Currently, the rooms on the ground floor beneath the eastern arcade feature a series of bas-reliefs decorating the entrance arch to the “Loggia delle contrattazioni” (the ‘Negotiations Loggia’), by Benito Boccolari and Dante Zamboni (1938), commemorating the ancient commercial role of those spaces.

 

The Clock Tower

The Torre dell’Orologio occupies the place where there appears to have once stood the ancient tower which served as the Arengario del Popolo (local government offices); it gained its current appearance in the 16th century. In 1508, following the designs of Bartolomeo Bonascia, the octagonal cupola on the top of the tower was erected, followed in 1520 by the balustrade that crowns the quadrangular block. The reliefs, with the four winds and the frieze above the clock face, were added around the mid-16th century by Ambrogio Tagliapietre. In 1730, a new clock produced by Ludovico Riva was installed, to be replaced in 1868 by one with two faces, designed by Ludovico Gavioli; this is the one still to be found in the Palazzo. There are also clocks in Piazza Grande and Piazzetta delle Ova (the ‘Square of the Eggs’), some forty metres away, exploiting the same mechanical design.
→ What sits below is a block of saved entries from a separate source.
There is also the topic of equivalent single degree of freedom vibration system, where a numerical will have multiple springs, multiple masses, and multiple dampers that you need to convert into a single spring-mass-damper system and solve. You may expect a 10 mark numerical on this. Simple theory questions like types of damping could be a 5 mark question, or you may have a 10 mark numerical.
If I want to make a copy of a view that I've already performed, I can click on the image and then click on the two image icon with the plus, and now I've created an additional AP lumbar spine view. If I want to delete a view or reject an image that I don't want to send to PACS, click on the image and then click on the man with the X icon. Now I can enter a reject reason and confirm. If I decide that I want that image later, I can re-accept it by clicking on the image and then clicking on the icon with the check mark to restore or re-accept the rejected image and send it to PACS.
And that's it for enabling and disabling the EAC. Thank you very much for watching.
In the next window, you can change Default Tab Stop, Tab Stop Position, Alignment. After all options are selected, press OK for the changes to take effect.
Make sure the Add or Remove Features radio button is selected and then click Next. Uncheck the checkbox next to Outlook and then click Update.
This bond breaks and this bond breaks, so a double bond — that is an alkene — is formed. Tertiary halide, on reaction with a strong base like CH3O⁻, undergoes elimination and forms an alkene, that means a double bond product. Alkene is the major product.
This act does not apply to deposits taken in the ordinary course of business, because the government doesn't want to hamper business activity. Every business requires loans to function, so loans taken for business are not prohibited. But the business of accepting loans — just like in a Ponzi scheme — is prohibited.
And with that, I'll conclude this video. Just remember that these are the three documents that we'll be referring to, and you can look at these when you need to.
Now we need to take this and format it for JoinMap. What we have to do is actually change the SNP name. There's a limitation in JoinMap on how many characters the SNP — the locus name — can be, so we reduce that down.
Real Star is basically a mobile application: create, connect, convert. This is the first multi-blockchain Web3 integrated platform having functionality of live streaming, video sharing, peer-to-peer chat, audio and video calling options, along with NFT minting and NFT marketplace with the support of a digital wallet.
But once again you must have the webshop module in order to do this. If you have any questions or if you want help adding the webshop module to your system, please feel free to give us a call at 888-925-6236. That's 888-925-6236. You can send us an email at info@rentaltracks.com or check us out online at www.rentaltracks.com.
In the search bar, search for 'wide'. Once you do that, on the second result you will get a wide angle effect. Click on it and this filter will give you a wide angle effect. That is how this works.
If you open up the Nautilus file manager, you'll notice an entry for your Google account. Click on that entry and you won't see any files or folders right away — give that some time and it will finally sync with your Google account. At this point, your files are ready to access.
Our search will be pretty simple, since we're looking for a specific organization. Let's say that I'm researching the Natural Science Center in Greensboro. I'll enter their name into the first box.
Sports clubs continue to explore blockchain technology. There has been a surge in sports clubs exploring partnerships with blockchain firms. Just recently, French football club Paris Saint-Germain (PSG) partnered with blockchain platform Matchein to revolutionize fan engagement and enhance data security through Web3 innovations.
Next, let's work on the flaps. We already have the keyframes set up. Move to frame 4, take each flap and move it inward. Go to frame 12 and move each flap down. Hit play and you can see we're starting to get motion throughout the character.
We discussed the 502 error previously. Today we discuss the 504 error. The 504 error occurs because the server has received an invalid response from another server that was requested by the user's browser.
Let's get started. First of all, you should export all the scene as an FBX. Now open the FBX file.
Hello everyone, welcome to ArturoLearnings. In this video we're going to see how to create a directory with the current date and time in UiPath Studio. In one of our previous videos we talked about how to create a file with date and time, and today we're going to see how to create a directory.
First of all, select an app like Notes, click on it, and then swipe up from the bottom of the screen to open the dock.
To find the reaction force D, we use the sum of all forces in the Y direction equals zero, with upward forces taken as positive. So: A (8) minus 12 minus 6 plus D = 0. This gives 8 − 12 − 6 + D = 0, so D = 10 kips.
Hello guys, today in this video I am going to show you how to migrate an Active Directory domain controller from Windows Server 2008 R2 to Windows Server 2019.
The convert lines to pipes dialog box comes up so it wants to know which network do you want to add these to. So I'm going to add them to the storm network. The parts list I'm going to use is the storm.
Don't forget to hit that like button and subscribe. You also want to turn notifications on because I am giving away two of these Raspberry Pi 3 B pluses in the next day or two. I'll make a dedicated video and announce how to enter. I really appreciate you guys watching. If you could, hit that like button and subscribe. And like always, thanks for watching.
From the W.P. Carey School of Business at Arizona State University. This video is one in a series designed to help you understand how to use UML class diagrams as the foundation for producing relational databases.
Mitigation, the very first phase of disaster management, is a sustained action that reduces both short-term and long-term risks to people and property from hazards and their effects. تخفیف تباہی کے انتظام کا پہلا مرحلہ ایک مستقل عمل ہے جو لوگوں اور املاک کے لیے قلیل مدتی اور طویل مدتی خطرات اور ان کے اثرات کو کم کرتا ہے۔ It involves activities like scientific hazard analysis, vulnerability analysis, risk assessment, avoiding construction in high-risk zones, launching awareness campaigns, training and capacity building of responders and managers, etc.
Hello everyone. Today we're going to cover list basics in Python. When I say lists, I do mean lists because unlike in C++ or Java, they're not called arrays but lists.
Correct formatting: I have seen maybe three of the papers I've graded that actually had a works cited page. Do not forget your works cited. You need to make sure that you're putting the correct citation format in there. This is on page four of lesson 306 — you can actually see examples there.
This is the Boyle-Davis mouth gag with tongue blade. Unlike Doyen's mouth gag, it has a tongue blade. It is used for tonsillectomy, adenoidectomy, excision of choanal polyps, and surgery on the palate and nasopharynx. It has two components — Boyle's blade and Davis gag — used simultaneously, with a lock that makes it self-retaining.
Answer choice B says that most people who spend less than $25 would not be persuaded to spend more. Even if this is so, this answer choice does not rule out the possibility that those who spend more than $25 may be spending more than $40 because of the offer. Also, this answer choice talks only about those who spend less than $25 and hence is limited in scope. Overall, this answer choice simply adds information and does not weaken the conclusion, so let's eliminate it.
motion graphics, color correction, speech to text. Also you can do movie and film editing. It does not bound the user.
In 1761, the marble balustrade around the balcony of the Immacolata (‘Virgin Mary’) was built by Domenico Puttini: the current statue of the Madonna was placed here in 1805 to replace another statue of the Virgin with Child and the Young St John, a terracotta work by Antonio Begarelli, which was placed in a niche next to the Tower up until the years of the French Revolution, and is today housed in Modena’s Museo Civico d’Arte.

 

The Access Corridor to the Palazzo and the Room of the Cropped Tower

The main entrance is found in Piazza Grande: here, from the first arch along the eastern arcade, the great Renaissance access stairway starts, leading to the loggia, from which the inside of the palazzo may be reached, and where several rooms on the first floor may be visited.

Through a corridor decorated with canvases by Modenese painters of the second half of the 19th century, to the right of the lift we come to the Sala della Torre Mozza (‘Room of the Cropped Tower’), so called because here the wall of an ancient civic tower may still be seen, testifying to the medieval origins of the Palazzo.

 

The Chamber of the Confirmed

The municipal headquarters - The Stolen  BucketIn the Camerino dei Confirmati, a small room situated between the so-called Sala del Fuoco and the Sala del Vecchio Consiglio, we currently find the renowned Secchia rapita. Originally housed inside the Ghirlandina Tower. This object has no material value but supreme symbolic value, in that it is a token of the controversy between the Modenese and the Bolognese. The Bucket is said to have been stolen from a well in the centre of Bologna, and inspired Alessandro Tassoni to write the mock-heroic poem of the same name.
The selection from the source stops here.